-------- DATA RECORDS

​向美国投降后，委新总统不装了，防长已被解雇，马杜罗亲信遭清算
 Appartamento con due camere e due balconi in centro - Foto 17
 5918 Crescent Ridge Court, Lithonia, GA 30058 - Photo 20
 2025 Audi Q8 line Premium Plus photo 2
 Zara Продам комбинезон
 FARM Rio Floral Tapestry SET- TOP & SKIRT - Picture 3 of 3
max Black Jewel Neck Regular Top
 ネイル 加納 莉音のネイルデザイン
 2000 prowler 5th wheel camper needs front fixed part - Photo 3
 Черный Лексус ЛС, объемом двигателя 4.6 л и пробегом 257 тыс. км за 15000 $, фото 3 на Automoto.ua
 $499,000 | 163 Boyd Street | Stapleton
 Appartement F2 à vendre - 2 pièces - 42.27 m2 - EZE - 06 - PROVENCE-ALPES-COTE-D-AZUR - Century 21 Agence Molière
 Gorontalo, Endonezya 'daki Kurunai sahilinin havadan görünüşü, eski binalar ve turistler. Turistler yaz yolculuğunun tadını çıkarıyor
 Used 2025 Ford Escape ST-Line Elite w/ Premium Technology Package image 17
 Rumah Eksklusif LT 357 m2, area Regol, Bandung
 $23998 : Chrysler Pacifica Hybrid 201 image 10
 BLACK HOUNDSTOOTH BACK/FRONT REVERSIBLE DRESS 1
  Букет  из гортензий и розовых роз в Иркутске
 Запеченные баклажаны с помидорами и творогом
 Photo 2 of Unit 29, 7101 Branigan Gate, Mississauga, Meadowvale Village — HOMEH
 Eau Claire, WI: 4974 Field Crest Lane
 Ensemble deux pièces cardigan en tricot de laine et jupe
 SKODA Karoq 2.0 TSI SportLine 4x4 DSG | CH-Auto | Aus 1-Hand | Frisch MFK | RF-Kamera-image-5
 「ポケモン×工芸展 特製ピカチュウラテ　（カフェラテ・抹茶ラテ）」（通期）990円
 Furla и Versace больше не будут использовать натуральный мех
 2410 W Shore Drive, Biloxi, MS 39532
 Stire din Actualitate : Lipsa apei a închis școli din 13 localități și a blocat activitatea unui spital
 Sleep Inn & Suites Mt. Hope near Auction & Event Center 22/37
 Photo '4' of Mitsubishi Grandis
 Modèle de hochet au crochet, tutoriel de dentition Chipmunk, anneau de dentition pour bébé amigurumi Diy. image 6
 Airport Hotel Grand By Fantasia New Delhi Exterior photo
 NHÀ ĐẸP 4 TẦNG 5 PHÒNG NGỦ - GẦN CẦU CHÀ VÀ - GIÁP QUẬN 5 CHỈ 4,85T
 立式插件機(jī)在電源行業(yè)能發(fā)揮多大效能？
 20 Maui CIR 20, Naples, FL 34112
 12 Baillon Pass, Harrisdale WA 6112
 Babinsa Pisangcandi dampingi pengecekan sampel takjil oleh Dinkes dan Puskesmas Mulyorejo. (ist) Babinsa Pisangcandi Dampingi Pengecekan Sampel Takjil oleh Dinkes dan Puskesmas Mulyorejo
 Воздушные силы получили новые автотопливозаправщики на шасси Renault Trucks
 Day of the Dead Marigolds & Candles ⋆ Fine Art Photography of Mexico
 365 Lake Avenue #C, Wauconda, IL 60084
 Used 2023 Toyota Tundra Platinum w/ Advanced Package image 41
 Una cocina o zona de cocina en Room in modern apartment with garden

----------------

Each record above has to be set down again, word for word.

​向美国投降后，委新总统不装了，防长已被解雇，马杜罗亲信遭清算
 Appartamento con due camere e due balconi in centro - Foto 17
 5918 Crescent Ridge Court, Lithonia, GA 30058 - Photo 20
 2025 Audi Q8 line Premium Plus photo 2
 Zara Продам комбинезон
 FARM Rio Floral Tapestry SET- TOP & SKIRT - Picture 3 of 3
max Black Jewel Neck Regular Top
 ネイル 加納 莉音のネイルデザイン
 2000 prowler 5th wheel camper needs front fixed part - Photo 3
 Черный Лексус ЛС, объемом двигателя 4.6 л и пробегом 257 тыс. км за 15000 $, фото 3 на Automoto.ua
 $499,000 | 163 Boyd Street | Stapleton
 Appartement F2 à vendre - 2 pièces - 42.27 m2 - EZE - 06 - PROVENCE-ALPES-COTE-D-AZUR - Century 21 Agence Molière
 Gorontalo, Endonezya 'daki Kurunai sahilinin havadan görünüşü, eski binalar ve turistler. Turistler yaz yolculuğunun tadını çıkarıyor
 Used 2025 Ford Escape ST-Line Elite w/ Premium Technology Package image 17
 Rumah Eksklusif LT 357 m2, area Regol, Bandung
 $23998 : Chrysler Pacifica Hybrid 201 image 10
 BLACK HOUNDSTOOTH BACK/FRONT REVERSIBLE DRESS 1
  Букет  из гортензий и розовых роз в Иркутске
 Запеченные баклажаны с помидорами и творогом
 Photo 2 of Unit 29, 7101 Branigan Gate, Mississauga, Meadowvale Village — HOMEH
 Eau Claire, WI: 4974 Field Crest Lane
 Ensemble deux pièces cardigan en tricot de laine et jupe
 SKODA Karoq 2.0 TSI SportLine 4x4 DSG | CH-Auto | Aus 1-Hand | Frisch MFK | RF-Kamera-image-5
 「ポケモン×工芸展 特製ピカチュウラテ　（カフェラテ・抹茶ラテ）」（通期）990円
 Furla и Versace больше не будут использовать натуральный мех
 2410 W Shore Drive, Biloxi, MS 39532
 Stire din Actualitate : Lipsa apei a închis școli din 13 localități și a blocat activitatea unui spital
 Sleep Inn & Suites Mt. Hope near Auction & Event Center 22/37
 Photo '4' of Mitsubishi Grandis
 Modèle de hochet au crochet, tutoriel de dentition Chipmunk, anneau de dentition pour bébé amigurumi Diy. image 6
 Airport Hotel Grand By Fantasia New Delhi Exterior photo
 NHÀ ĐẸP 4 TẦNG 5 PHÒNG NGỦ - GẦN CẦU CHÀ VÀ - GIÁP QUẬN 5 CHỈ 4,85T
 立式插件機(jī)在電源行業(yè)能發(fā)揮多大效能？
 20 Maui CIR 20, Naples, FL 34112
 12 Baillon Pass, Harrisdale WA 6112
 Babinsa Pisangcandi dampingi pengecekan sampel takjil oleh Dinkes dan Puskesmas Mulyorejo. (ist) Babinsa Pisangcandi Dampingi Pengecekan Sampel Takjil oleh Dinkes dan Puskesmas Mulyorejo
 Воздушные силы получили новые автотопливозаправщики на шасси Renault Trucks
 Day of the Dead Marigolds & Candles ⋆ Fine Art Photography of Mexico
 365 Lake Avenue #C, Wauconda, IL 60084
 Used 2023 Toyota Tundra Platinum w/ Advanced Package image 41
 Una cocina o zona de cocina en Room in modern apartment with garden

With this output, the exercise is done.